- [YOUR TASK] Give a single number in reply. It is the count of lines below that contain the string "With".

- [DATA RECORDS]

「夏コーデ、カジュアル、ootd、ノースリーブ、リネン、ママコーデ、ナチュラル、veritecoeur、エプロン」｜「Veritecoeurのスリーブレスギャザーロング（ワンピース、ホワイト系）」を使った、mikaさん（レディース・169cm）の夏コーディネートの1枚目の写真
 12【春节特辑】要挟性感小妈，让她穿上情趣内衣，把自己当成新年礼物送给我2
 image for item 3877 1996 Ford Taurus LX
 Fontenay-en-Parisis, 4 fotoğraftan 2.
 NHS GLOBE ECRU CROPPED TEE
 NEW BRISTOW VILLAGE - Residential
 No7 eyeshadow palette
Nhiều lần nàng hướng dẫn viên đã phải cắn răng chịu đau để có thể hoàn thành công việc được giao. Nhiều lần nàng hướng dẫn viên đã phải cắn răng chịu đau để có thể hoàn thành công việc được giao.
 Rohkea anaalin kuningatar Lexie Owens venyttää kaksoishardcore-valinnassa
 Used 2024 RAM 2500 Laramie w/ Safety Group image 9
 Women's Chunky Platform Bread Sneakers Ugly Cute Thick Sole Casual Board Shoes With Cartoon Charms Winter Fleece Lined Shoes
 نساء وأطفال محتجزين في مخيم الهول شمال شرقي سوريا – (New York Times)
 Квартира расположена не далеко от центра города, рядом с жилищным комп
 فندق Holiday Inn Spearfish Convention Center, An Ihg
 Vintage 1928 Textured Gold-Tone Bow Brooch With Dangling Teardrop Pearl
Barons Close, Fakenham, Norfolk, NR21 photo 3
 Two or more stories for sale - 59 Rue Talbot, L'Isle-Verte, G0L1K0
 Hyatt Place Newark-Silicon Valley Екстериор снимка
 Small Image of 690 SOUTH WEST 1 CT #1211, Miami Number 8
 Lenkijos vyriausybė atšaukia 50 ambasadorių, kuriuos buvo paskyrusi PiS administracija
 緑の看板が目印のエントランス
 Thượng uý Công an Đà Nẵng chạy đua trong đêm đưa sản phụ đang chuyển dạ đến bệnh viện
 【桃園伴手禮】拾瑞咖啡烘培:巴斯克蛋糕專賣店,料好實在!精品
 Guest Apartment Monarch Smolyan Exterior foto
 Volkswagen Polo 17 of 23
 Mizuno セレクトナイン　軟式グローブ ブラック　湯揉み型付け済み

- [COMPLETED EXERCISE] 2